◆ RECORDS PROVIDED:

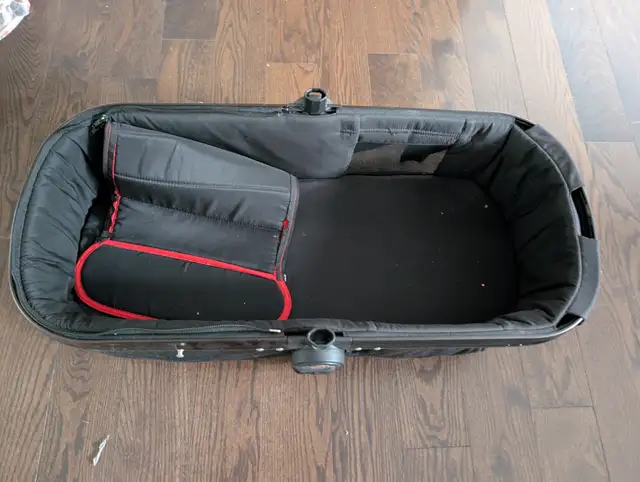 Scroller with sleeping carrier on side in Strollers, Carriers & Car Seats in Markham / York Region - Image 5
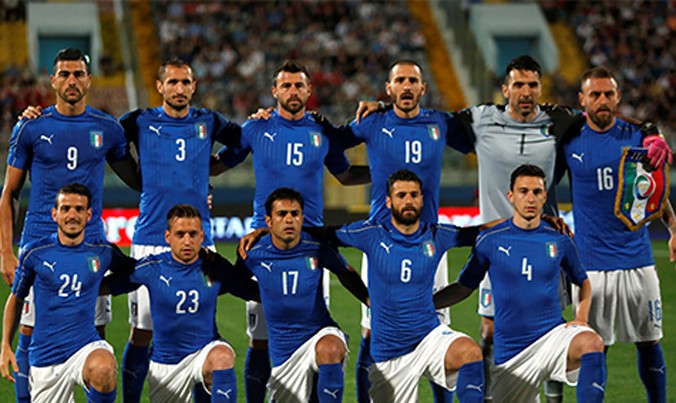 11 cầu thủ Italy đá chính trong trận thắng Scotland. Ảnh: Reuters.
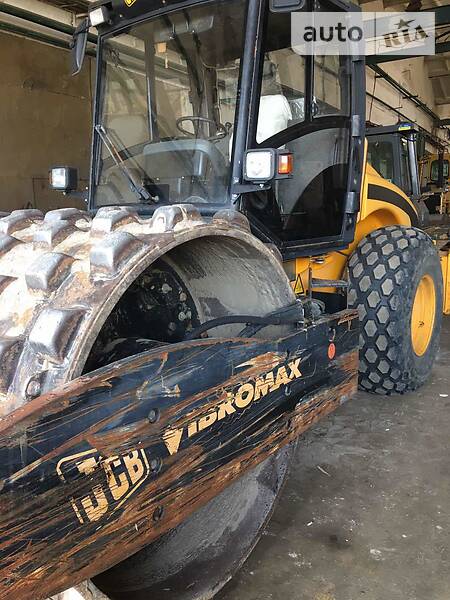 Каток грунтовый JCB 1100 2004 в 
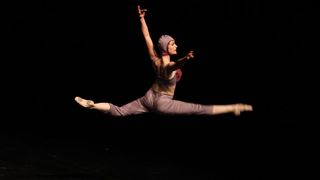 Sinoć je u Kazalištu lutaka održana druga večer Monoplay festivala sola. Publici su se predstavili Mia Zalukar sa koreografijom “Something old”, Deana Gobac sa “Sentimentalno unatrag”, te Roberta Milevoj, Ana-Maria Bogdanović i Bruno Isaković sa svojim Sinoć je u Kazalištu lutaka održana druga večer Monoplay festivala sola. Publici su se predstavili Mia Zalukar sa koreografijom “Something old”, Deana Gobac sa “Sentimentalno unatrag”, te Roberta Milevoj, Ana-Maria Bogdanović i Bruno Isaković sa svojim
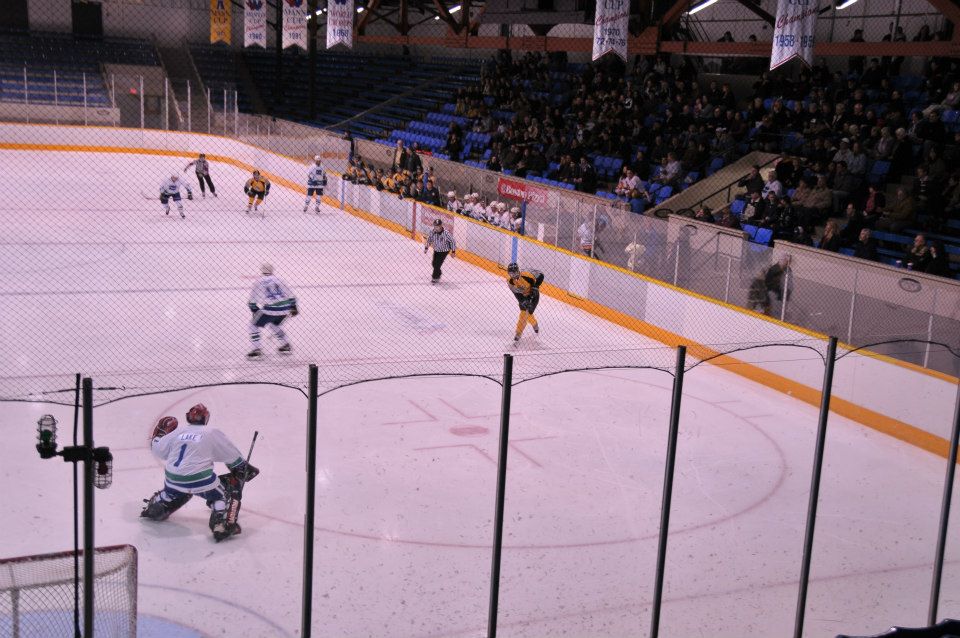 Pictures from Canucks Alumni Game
...
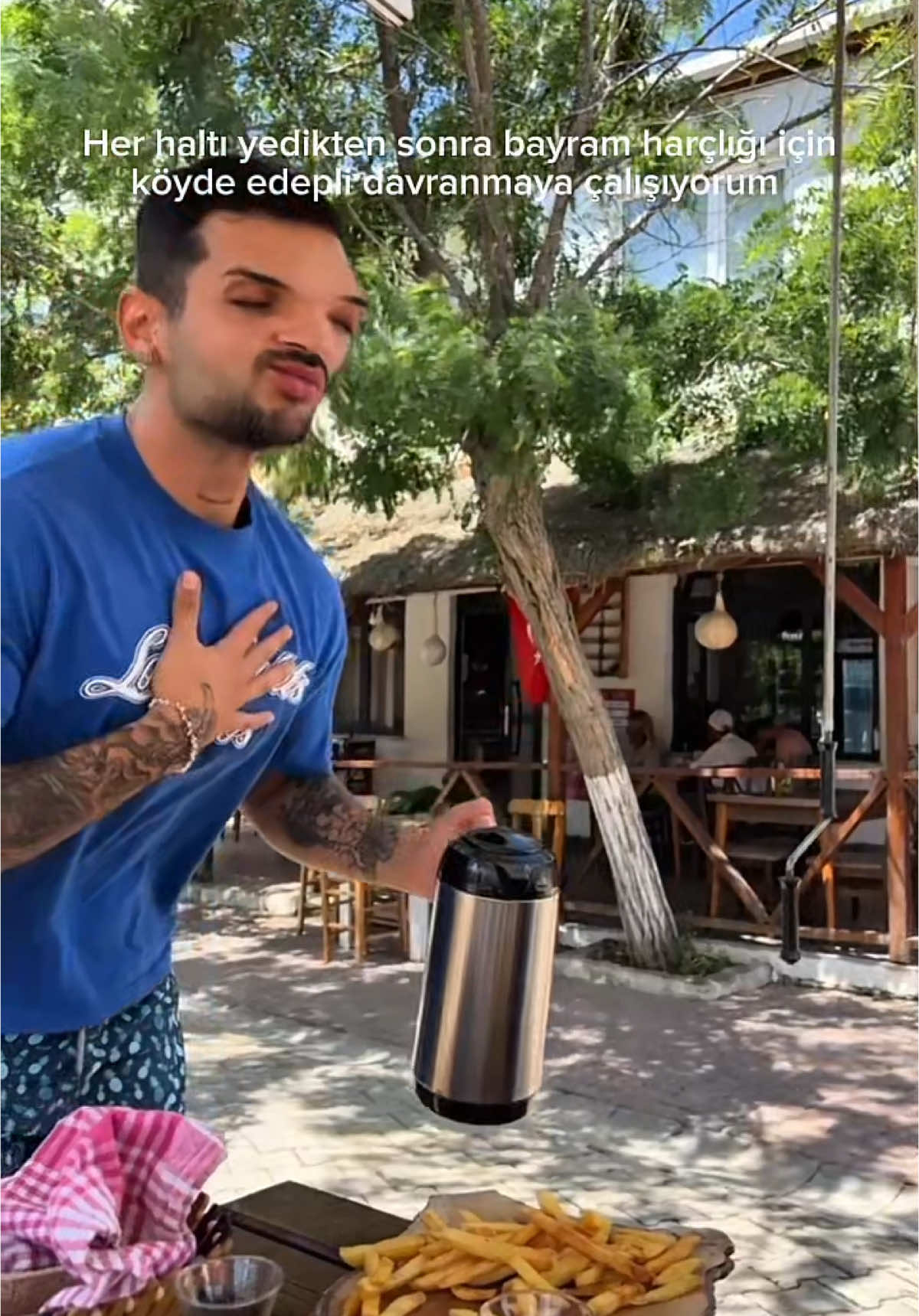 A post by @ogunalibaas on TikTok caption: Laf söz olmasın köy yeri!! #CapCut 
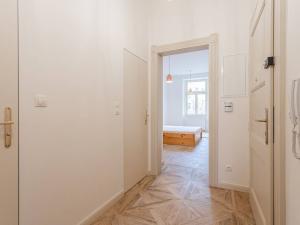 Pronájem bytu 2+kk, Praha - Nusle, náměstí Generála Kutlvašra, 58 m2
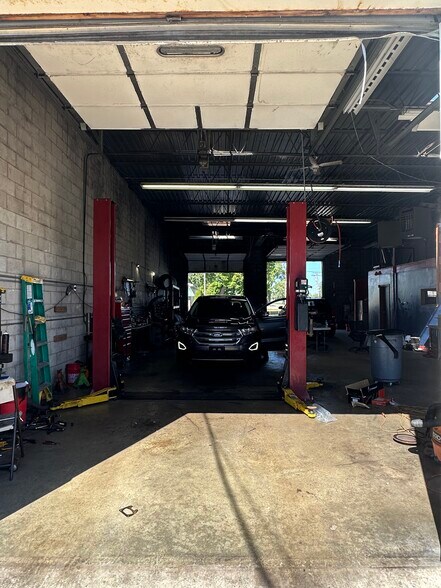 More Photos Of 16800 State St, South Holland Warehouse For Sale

◆ TASK TO COMPLETE:
What is needed is an exact copy of only the lines above from the one with "A post by @ogunalibaas" to the one with "More Photos Of", both kept, with every picture left out.

◆ EXERCISE ANSWER:
 A post by @ogunalibaas on TikTok caption: Laf söz olmasın köy yeri!! #CapCut 
 Pronájem bytu 2+kk, Praha - Nusle, náměstí Generála Kutlvašra, 58 m2
 More Photos Of 16800 State St, South Holland Warehouse For Sale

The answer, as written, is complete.